Assignment -
Restate word for word the section of the entries that opens at the line containing "tFCNO[ ϗtA tFCN" and closes at the line containing "Schafe und ihre", both lines kept, pictures dropped.

─── Dataset records ───

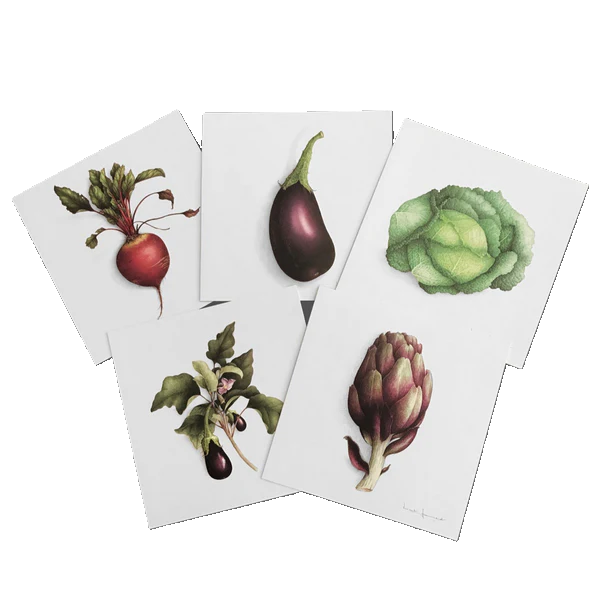 Coffret Correspondance  Cartes Légumes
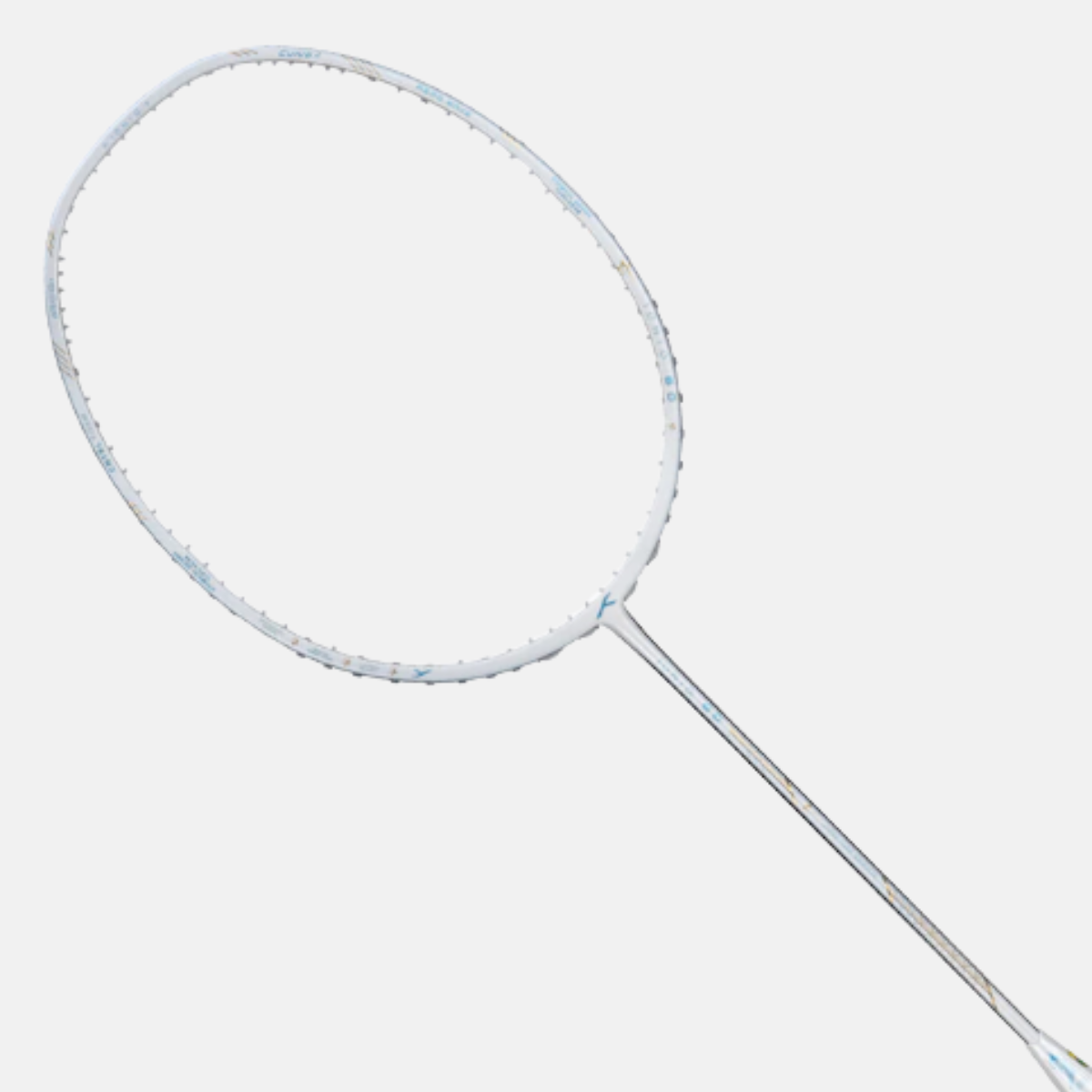 Ioniq 80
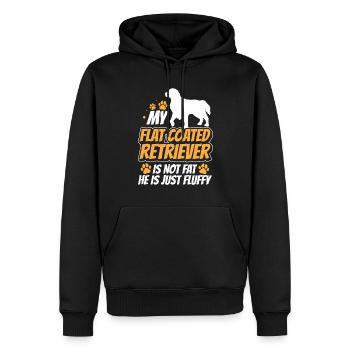 Flat Coated Retriever ist nicht dick - Männer Premium Bio Hoodie - Schwarz - Vorne - Nico (187cm)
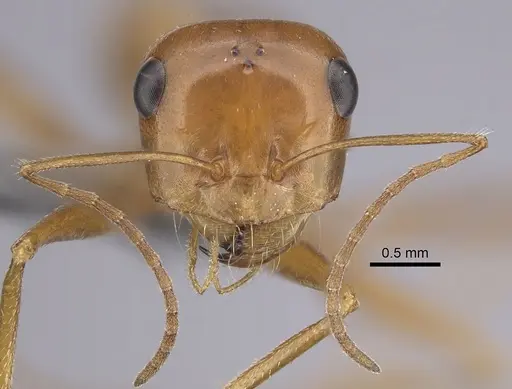 Cataglyphis arenaria specimen CASENT0263825 image casent0263825_2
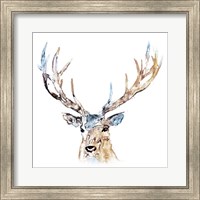 Framed Watercolour Reindeer
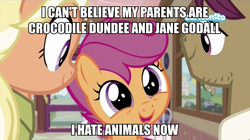 Size: 960x539 | Tagged: safe, edit, edited screencap, screencap, mane allgood, scootaloo, snap shutter, earth pony, pegasus, pony, g4, the last crusade, caption, cartoonito logo, clothes, cutie mark, family, female, filly, foal, image macro, male, mare, misspelling, shirt, stallion, text, the cmc's cutie marks, trio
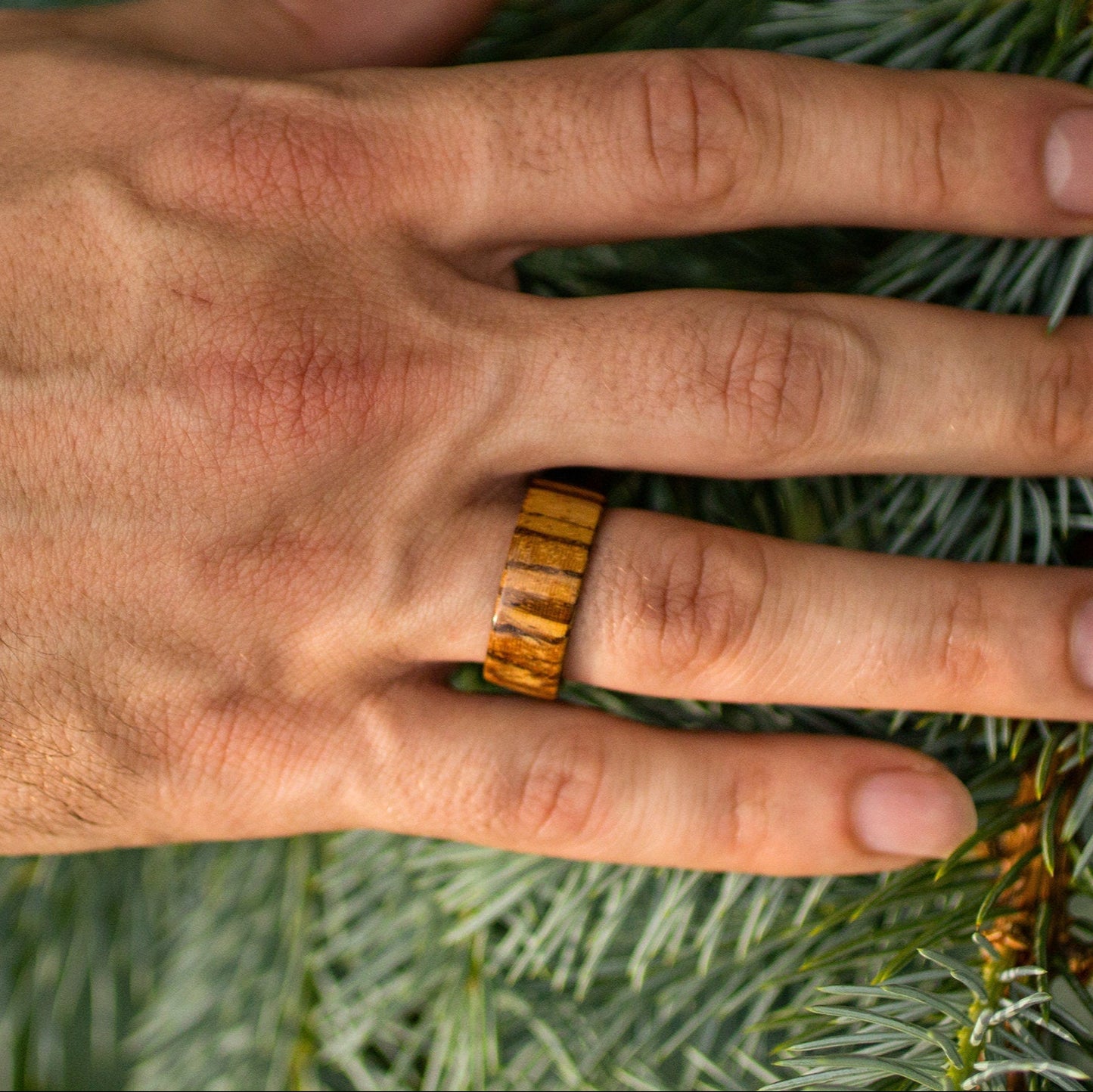 Hand wearing Zebrano bentwood ring, showing striped wood grain against evergreen branches.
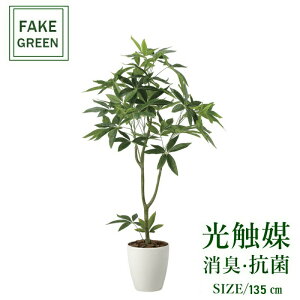 tFCNO[ ϗtA tFCN lHϗtA G}  CeA A  j    lC C  rO ItBX  Vv R L ϗt t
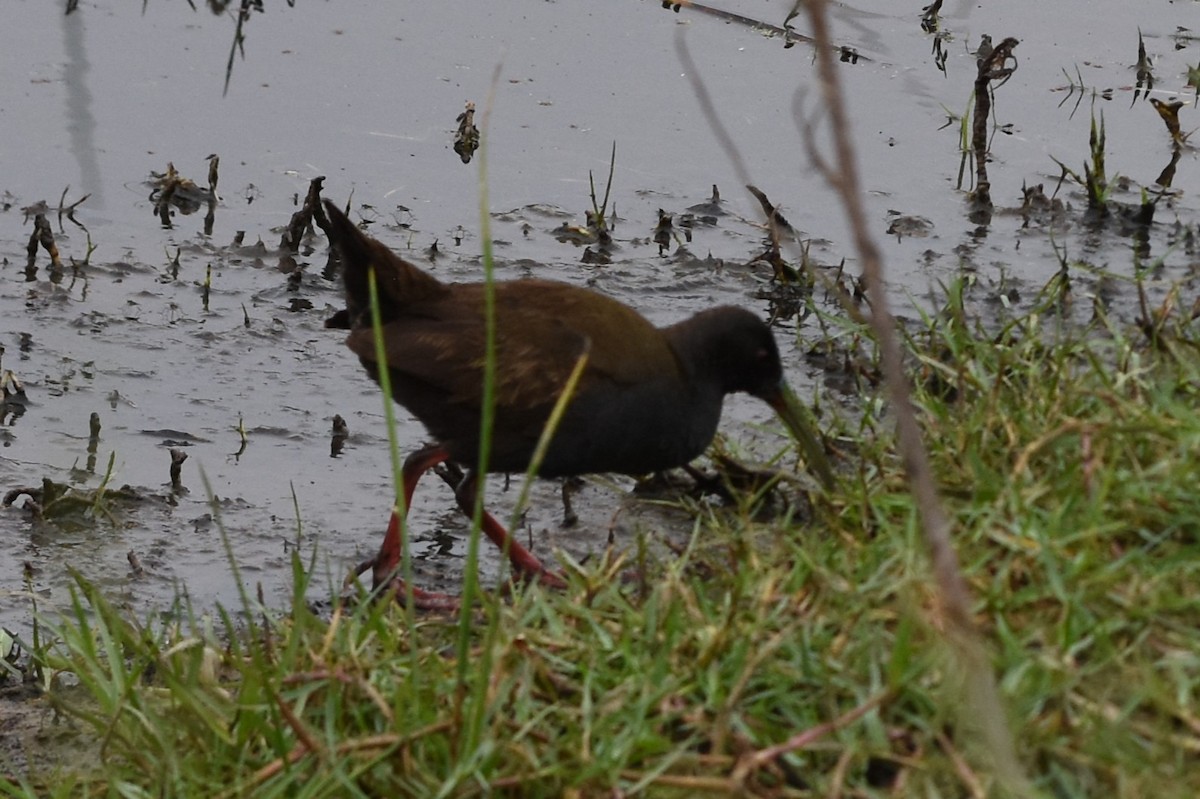 chřástal břidlicový - ML646693634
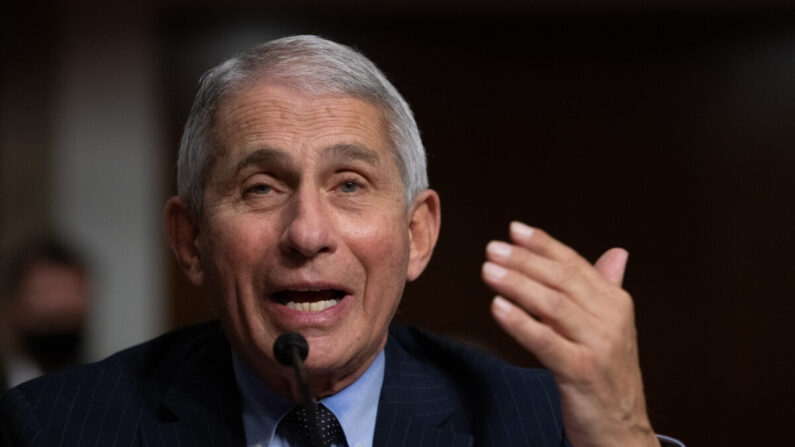 Le Dr Anthony Fauci s'exprime devant le Congrès à Washington, le 23 septembre 2020. (Graeme Jennings/Pool/AFP via Getty Images)
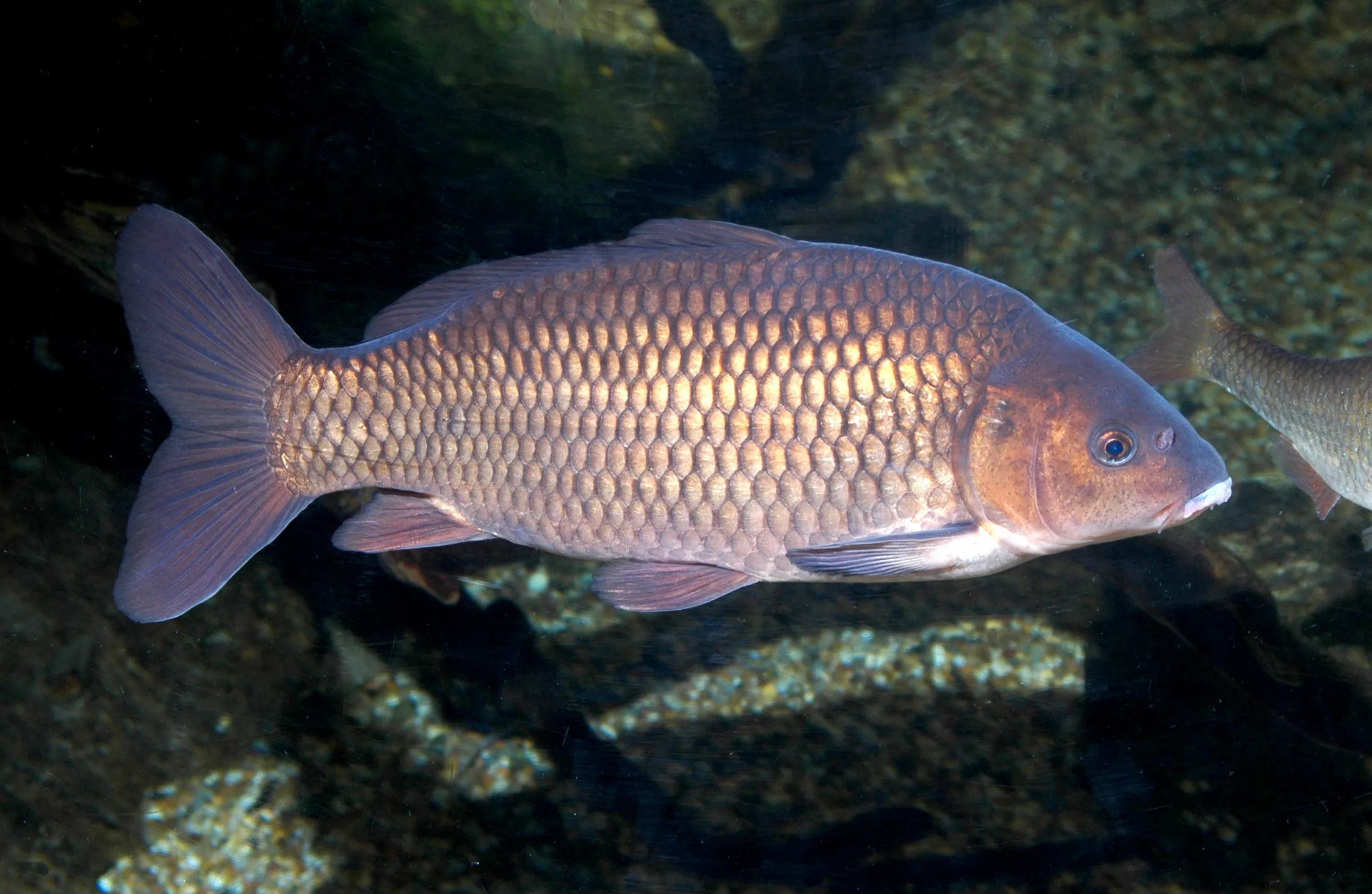 Schuppenkarpfen1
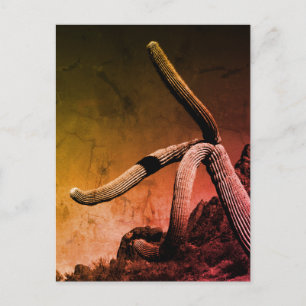 Carte Postale Saguaro Cactus Photographie d'art en style rustiqu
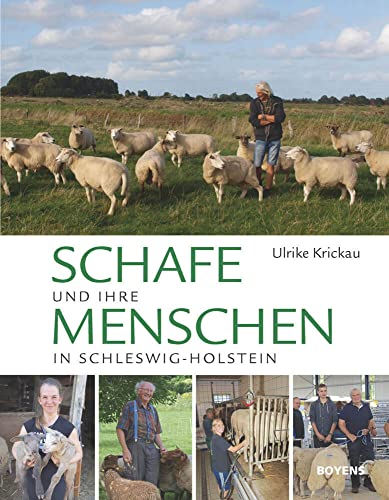 Schafe und ihre Menschen in Schleswig-Holstein von Boyens Buchverlag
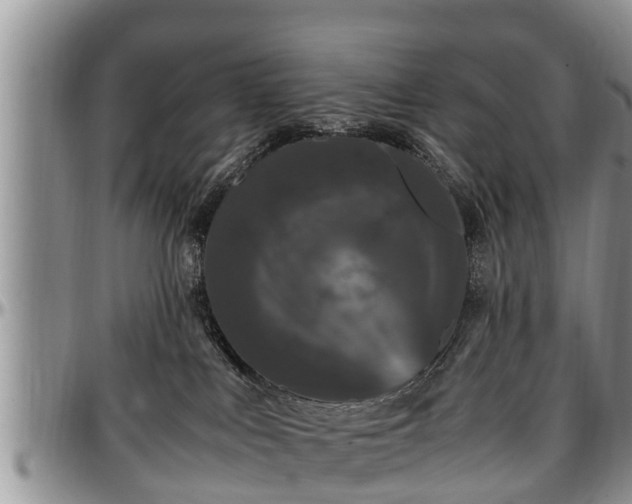 X0000097500043200802291607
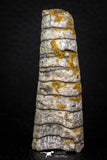 05331 - Top Beautiful 2.24 Inch Orthoceras Devonian Cephalopod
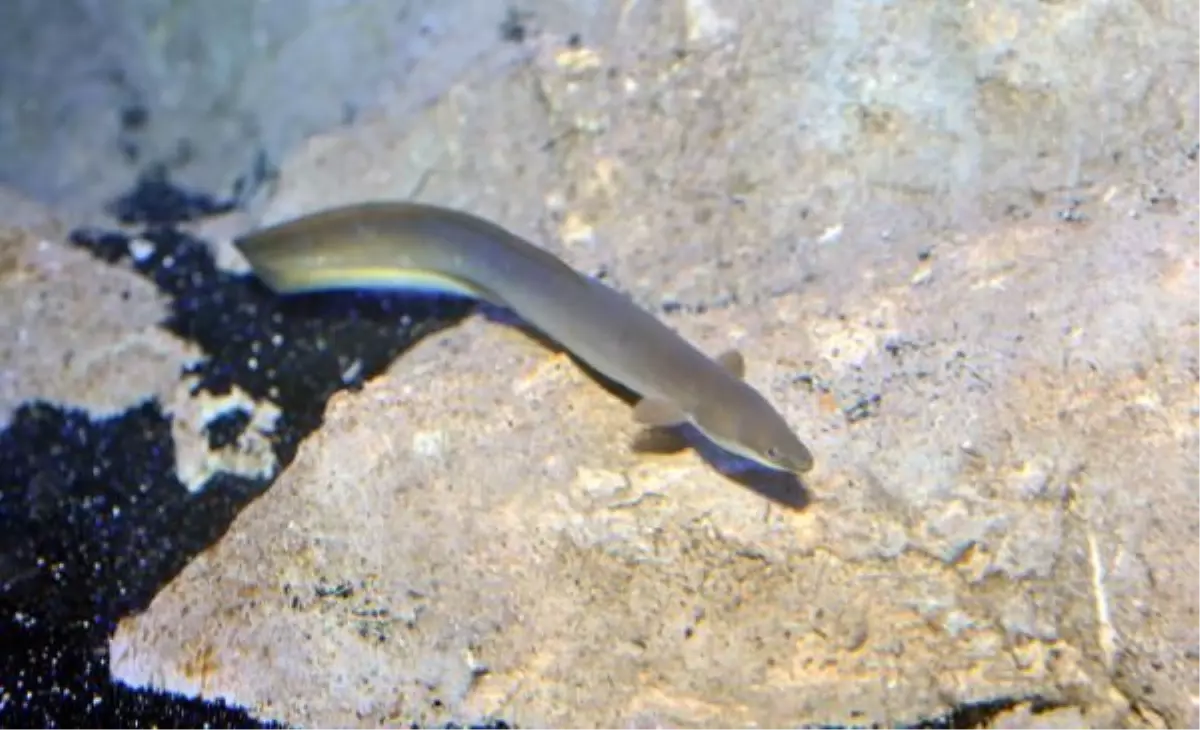 Enez\'de Yılan Balığı Bereketi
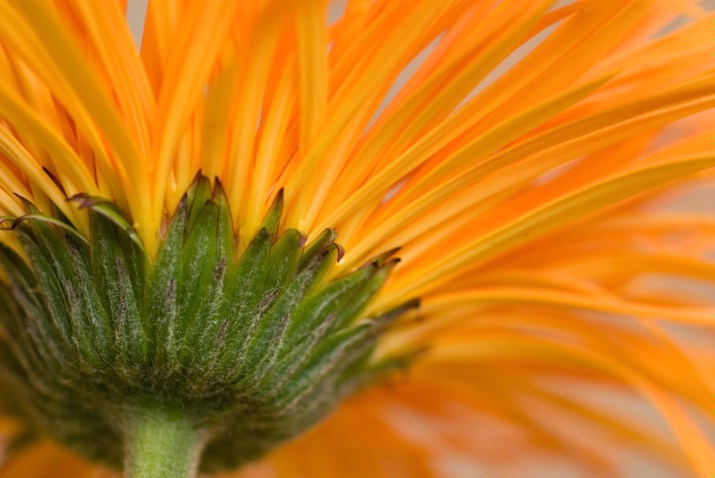 orange flower - ID: 2023494 © Sibylle Basel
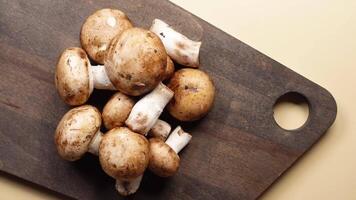 raw champignon mushroom on a chopping board on table video
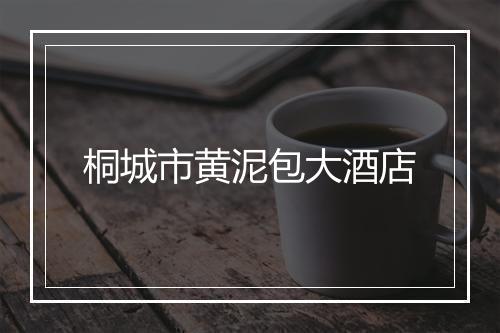 桐城市黄泥包大酒店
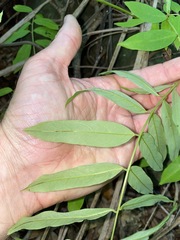 Austrosteenisia glabristyla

───

The answer -
 tFCNO[ ϗtA tFCN lHϗtA G}  CeA A  j    lC C  rO ItBX  Vv R L ϗt t
 chřástal břidlicový - ML646693634
 Le Dr Anthony Fauci s'exprime devant le Congrès à Washington, le 23 septembre 2020. (Graeme Jennings/Pool/AFP via Getty Images)
 Schuppenkarpfen1
 Carte Postale Saguaro Cactus Photographie d'art en style rustiqu
 Schafe und ihre Menschen in Schleswig-Holstein von Boyens Buchverlag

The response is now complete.